Luego se distrajeron, pues, como los animales, no mantenían fija la atención, y empezaron a pelear por Renata. El Otro Socio, raqueta en mano, repartió golpes, también a su amiga. La batalla continuó; de modo paulatino cambió el trofeo disputado: ya no fue Renata sino manteca, jalea, pan y budín inglés. Volvieron a distraerse, ahora del enojo, para abocarse al desayuno. Daniel advirtió la ausencia de Orlandito. Gimió Renata:

– ¡Se habrá ido al bosque!

Para calmarla, el Otro Socio respondió:

– No faltará comida.

– Hay que tener reservas -reparó la niñera.

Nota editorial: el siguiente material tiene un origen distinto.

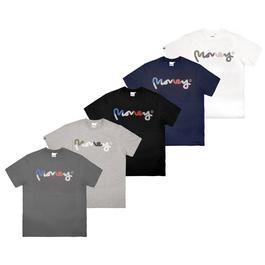 Money 5-Pack Sig Stripe T-Shirts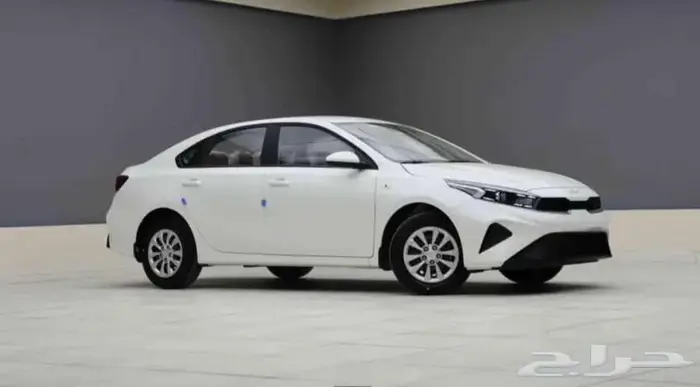 افضل العروض التمويلية علي سيارة كيا سيراتو 2024 3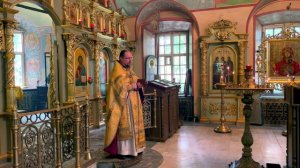 О жителях Назарета и их отношении ко Христу
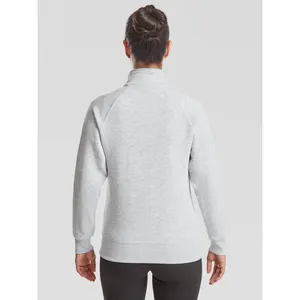 Giacca Sportiva Premium da Donna, Merchandise Personalizzato per Felpe e Maglioni Promozionali - Product Image 5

– Nunca fuera tan formal mujer desnuda, ni mostrara, ay de mí, tanto caletre. Bien se me alcanza que hoy desperté con menos formalidad que un gato, pero ¿quién no cedería la merienda, y no haría cabriolas, por una ojeada al cuadro del niño Orlandito topándose con la bocaza del león?

– Quizá no lo veamos -discurrió el Otro Socio- pero saber que ocurrió sería un consuelo.